The suncreature they set out for me? Misti’s mind reeled. How did
they send a suncreature after me? How did they know I’d even be there that evening?
“We knew when you controlled the power of the pendant,” her father continued. “We started wearing them shortly after, but the test wasn’t officially completed until today when we captured you. That was the deal, to strap this pendant around your neck so that we could finally see you.”
“The deal with who?” Misti asked.
“With Zarious and with our leader,” her mother replied with a two-finger touch to her forehead, lifting her gaze when she pointed upward as if she could see Ponuriah herself in the sky.
Probably a twisted individual dedicated to their twisted goddess. Misti chewed on that explanation. That was why the vulnix flew south with her last message to Char—Char was actually in the south. They’d been away from Northtown for a while then.

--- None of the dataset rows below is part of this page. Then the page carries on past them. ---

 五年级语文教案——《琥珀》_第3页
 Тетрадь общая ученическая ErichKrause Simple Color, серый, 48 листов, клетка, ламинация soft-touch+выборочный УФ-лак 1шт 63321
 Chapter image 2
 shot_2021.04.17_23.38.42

“You spoke about ‘pushes’ to get me here. How did you know the people I spoke to would lead me here?”
Her mother laughed. “Our goddess is powerful, Misti. It’s what we were trying to tell you all along.” She gestured to the camp, to the folk milling about. “And look at all the people turned to her light. Her followers are everywhere, feeding information to key figures, gathering information for us.”
Fear crept up Misti’s back, spreading like a cold, wet blanket. So all these people were worshippers. She knew worshippers could be anyone, but to think they somehow influenced her entire way south, that just because of the pendant she was important enough to funnel here, seemed insane to her. She was no one. No one but an Eildelmann with a Blood orb around her neck.

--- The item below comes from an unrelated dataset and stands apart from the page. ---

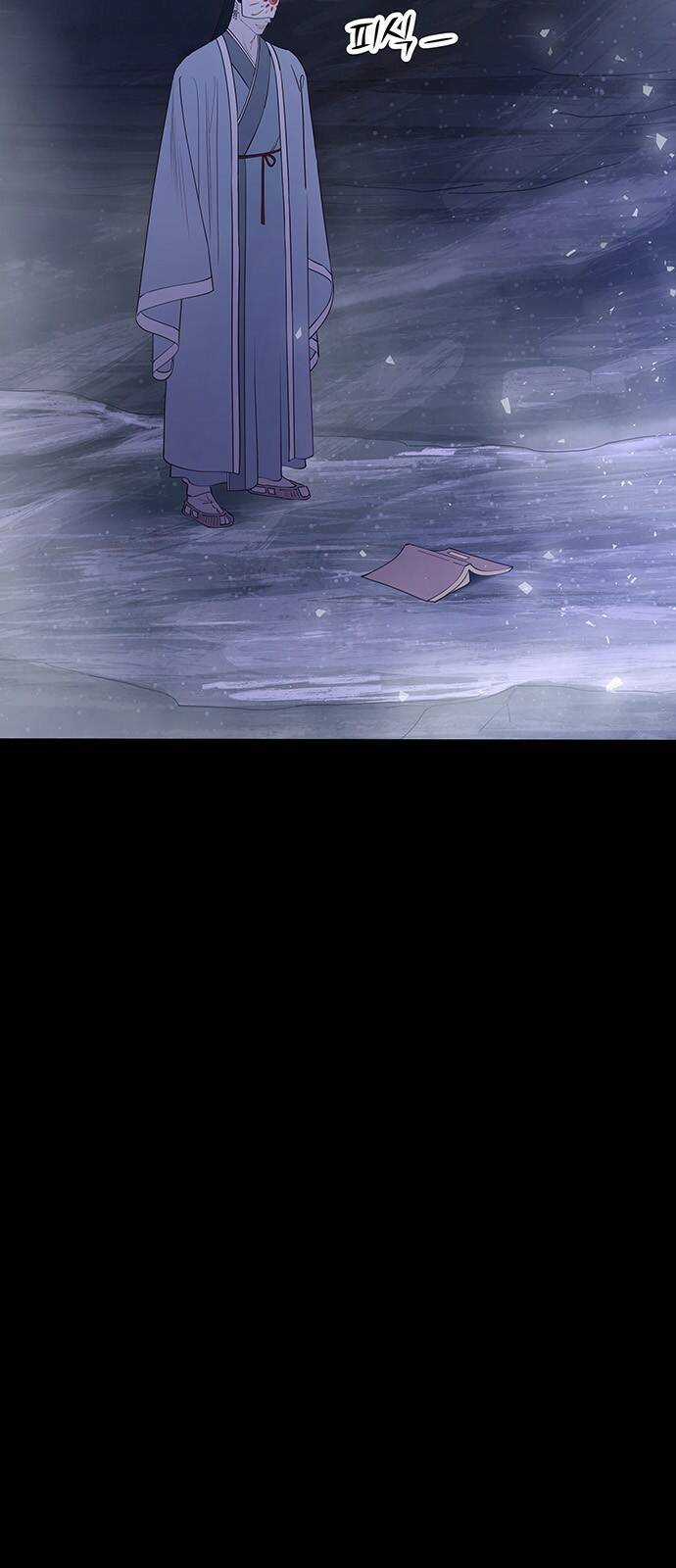 Thái Tử Myolyeong - Chapter 60.2 - Trang 23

“We had you followed, daughter, even through the Groves.” Her father lifted his hand and the skreeter suncreature flew away, headed for the food. Misti remembered the Dara Grove, the red leaves that looked so much like eyes. Perhaps they were. “And Char’s letters helped as well, since we could glean information from the vulnixes sent back. We knew where you were and where you would go every step of the way. All for her glory, of course.”